If you want to walk up from the current module/file that was handed to pylint looking for the root of the module, this will do it.

[MASTER]
init-hook=sys.path += [os.path.abspath(os.path.join(os.path.sep, *sys.argv[-1].split(os.sep)[:i])) for i, _ in enumerate(sys.argv[-1].split(os.sep)) if os.path.isdir(os.path.abspath(os.path.join(os.path.sep, *sys.argv[-1].split(os.sep)[:i], '.git')))][::-1]

If you have a python module ~/code/mymodule/, with a top-level directory layout like this

~/code/mymodule/
├── .pylintrc
├── mymodule/
│   └── src.py
└── tests/
    └── test_src.py

Then this will add ~/code/mymodule/ to your python path and allow for pylint to run in your IDE, even if you're importing mymodule.src in tests/test_src.py.

You could swap out a check for a .pylintrc instead but a git directory is usually what you want when it comes to the root of a python module.

Before you ask

The answers using import sys, os; sys.path.append(...) are missing something that justifies the format of my answer.
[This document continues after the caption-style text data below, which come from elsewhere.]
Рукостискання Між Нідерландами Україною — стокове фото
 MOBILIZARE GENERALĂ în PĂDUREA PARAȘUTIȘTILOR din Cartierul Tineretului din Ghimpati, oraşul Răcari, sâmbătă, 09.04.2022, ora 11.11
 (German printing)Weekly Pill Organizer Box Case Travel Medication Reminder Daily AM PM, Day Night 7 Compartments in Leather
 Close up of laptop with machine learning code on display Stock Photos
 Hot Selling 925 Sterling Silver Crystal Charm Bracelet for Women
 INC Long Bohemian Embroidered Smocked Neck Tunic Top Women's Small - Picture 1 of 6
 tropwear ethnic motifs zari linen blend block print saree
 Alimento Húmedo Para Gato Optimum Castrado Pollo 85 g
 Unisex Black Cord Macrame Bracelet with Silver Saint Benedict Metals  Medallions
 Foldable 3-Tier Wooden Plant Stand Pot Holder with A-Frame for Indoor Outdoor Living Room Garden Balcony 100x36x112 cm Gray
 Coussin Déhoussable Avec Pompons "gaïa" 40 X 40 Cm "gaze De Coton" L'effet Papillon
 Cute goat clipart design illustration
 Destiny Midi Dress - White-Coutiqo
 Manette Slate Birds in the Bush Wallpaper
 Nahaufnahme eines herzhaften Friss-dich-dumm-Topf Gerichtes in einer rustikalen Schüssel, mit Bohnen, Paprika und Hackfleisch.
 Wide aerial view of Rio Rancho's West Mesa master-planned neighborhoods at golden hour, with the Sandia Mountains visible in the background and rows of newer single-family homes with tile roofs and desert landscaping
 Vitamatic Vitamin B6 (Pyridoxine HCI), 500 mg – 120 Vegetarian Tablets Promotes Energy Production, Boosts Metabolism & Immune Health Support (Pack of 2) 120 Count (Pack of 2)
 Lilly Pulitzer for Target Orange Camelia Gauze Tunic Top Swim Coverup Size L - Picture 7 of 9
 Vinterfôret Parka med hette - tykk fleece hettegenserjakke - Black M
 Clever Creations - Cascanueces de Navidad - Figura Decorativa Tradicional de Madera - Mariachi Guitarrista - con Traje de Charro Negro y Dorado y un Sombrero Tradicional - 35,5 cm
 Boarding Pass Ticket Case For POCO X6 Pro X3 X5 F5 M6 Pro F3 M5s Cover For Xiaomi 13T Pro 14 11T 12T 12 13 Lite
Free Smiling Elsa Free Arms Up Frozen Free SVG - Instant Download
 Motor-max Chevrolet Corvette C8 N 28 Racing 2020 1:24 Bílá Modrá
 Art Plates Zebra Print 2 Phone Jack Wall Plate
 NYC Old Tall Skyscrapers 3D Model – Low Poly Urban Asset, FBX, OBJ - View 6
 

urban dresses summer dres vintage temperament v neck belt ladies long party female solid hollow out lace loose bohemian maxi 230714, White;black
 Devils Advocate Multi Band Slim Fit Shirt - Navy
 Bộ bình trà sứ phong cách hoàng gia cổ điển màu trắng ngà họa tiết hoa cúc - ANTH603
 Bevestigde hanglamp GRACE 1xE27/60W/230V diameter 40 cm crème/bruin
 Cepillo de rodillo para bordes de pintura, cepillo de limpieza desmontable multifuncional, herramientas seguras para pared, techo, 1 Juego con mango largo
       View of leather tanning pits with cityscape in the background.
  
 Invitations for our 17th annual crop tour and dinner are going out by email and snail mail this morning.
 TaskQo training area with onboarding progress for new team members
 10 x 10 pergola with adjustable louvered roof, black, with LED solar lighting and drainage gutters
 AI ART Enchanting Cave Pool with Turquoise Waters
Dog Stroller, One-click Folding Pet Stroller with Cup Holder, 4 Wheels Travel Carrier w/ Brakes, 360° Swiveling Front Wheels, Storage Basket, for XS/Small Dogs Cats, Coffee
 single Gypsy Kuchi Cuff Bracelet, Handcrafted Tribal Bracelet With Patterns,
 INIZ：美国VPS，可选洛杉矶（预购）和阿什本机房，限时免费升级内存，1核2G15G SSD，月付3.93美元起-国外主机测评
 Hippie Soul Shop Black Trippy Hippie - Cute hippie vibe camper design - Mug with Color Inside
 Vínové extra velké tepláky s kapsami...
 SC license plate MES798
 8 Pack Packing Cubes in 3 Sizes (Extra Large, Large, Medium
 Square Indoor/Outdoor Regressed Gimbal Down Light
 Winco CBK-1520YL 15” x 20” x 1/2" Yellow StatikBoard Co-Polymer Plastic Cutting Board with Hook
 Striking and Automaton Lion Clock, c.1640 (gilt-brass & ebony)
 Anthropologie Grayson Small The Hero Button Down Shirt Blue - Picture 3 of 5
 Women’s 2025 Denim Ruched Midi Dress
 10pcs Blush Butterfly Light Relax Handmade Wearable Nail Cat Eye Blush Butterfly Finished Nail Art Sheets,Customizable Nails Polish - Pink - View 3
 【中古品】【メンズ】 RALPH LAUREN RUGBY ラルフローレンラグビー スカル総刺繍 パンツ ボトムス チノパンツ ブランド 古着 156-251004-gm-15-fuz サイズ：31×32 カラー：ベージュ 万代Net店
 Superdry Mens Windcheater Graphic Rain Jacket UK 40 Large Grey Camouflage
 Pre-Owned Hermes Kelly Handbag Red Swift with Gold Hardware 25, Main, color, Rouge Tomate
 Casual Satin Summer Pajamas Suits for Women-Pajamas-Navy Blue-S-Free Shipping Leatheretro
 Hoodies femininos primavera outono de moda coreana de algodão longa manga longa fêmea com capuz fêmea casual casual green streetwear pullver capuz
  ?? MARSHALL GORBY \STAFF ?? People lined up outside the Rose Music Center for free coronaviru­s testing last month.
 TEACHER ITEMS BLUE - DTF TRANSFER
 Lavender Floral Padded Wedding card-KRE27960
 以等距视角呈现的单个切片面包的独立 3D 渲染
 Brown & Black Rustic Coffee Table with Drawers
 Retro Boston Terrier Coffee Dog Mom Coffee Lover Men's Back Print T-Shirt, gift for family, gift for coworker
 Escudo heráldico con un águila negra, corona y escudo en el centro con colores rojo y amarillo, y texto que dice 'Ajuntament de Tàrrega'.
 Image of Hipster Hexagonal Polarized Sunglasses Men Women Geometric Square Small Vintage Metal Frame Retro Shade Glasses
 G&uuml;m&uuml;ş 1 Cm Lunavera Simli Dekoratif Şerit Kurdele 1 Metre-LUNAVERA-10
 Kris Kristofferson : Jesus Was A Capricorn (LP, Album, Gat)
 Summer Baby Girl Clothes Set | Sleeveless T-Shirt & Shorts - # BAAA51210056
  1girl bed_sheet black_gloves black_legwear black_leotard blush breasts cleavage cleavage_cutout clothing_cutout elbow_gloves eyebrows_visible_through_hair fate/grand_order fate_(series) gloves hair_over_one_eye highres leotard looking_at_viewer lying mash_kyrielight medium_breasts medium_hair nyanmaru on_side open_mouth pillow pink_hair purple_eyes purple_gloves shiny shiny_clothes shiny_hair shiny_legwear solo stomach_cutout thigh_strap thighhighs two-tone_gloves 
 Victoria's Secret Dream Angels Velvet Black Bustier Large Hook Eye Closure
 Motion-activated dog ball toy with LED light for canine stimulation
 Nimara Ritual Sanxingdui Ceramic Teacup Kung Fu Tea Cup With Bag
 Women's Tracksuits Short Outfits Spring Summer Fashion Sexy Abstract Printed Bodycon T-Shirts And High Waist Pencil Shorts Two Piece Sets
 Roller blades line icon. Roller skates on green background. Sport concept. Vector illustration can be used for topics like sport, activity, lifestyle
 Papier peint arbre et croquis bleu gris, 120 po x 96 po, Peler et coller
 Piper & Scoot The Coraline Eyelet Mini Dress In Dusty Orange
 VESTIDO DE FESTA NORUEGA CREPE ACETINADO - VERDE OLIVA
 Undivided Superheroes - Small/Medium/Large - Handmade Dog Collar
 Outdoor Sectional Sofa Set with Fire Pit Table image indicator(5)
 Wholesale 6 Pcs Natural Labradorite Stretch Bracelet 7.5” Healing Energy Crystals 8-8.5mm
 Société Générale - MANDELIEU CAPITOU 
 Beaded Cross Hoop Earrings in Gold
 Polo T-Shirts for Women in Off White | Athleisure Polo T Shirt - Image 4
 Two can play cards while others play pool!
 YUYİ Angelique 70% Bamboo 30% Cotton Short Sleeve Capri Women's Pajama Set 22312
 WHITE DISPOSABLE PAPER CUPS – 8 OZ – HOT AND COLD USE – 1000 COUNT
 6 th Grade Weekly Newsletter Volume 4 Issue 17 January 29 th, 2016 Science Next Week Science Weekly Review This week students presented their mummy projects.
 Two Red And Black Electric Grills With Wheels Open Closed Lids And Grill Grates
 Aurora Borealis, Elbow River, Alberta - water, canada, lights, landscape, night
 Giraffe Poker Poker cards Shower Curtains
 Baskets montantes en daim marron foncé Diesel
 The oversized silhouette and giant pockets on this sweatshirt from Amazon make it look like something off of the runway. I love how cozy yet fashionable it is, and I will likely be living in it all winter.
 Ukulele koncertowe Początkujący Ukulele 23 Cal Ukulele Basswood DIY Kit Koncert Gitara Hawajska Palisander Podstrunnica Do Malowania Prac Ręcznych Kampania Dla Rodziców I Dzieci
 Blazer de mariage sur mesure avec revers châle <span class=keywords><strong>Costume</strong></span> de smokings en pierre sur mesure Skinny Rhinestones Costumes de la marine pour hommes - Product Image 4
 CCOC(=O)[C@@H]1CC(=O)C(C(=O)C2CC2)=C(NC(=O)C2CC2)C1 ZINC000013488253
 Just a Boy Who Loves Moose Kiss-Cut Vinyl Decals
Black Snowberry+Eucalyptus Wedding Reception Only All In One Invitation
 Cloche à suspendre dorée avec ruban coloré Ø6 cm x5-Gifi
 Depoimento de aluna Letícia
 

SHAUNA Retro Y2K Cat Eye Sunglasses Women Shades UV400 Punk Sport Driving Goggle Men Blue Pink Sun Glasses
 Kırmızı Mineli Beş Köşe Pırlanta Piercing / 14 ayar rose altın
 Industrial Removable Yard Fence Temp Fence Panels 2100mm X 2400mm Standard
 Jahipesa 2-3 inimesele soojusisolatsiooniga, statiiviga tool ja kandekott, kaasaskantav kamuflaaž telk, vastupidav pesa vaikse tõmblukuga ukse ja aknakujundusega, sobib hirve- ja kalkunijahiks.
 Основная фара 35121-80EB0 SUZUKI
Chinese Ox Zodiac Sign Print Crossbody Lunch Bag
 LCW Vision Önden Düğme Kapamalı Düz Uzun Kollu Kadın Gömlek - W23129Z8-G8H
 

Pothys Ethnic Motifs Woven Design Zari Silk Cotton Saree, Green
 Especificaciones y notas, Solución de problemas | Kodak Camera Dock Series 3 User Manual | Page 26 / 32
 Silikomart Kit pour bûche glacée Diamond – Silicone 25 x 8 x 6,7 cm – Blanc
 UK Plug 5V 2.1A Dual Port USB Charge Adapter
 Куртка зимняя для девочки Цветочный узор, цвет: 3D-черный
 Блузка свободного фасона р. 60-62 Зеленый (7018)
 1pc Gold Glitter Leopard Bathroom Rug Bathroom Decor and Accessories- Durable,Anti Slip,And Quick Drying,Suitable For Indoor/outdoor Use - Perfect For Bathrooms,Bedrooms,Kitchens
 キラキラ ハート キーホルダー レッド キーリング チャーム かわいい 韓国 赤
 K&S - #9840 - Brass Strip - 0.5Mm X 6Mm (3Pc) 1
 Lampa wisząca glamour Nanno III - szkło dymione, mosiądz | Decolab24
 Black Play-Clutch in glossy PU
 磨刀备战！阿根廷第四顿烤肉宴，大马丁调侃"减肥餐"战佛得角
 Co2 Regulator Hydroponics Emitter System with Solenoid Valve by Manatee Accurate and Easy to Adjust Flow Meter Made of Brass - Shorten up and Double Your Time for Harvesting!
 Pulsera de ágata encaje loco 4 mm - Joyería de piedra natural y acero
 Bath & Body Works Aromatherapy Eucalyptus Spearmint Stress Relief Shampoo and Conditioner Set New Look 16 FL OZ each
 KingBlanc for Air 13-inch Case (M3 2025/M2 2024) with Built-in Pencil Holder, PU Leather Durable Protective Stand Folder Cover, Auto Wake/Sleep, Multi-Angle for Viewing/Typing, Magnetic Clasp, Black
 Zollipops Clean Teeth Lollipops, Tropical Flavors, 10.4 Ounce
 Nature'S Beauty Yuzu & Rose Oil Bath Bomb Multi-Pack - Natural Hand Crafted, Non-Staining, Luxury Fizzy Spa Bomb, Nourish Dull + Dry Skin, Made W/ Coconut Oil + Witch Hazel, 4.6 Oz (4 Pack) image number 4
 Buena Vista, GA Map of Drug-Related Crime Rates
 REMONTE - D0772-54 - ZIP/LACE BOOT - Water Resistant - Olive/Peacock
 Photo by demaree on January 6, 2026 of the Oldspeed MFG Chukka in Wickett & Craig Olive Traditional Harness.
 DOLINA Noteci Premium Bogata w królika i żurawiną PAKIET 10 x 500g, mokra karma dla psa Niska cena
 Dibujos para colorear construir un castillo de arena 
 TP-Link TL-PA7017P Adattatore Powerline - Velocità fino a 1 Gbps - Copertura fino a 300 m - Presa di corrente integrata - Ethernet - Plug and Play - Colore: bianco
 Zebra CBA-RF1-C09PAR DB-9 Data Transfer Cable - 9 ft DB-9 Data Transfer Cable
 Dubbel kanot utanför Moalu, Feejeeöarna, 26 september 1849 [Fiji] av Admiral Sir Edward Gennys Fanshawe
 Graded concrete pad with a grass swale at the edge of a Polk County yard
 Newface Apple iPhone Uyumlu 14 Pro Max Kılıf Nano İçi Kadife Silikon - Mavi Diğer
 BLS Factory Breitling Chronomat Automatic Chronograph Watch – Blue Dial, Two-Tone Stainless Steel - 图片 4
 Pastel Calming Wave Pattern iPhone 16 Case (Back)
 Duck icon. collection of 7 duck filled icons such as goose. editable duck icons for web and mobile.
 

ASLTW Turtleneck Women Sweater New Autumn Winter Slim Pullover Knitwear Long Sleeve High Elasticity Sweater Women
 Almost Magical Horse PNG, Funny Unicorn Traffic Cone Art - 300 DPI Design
I don't normally write code that way, but in this case you're stuck dealing with the limitations of the pylintrc config parser and evaluator. It literally runs exec in the context of the init_hook callback so any attempt to import pathlib, use multi-line statements, store something into variables, etc., won't work.

A less disgusting form of my code might look like this:

import os
import sys

def look_for_git_dirs(filename):
    has_git_dir = []
    filename_parts = filename.split(os.sep)
    for i, _ in enumerate(filename_parts):
        filename_part = os.path.abspath(os.path.join(os.path.sep, *filename_parts[:i]))
        if os.path.isdir(os.path.join(filename_part, '.git')):
            has_git_dir.append(filename_part)
    return has_git_dir[::-1]

# don't use .append() in case there's < 1 or > 1 matches found
sys.path += look_for_git_dirs(sys.argv[-1])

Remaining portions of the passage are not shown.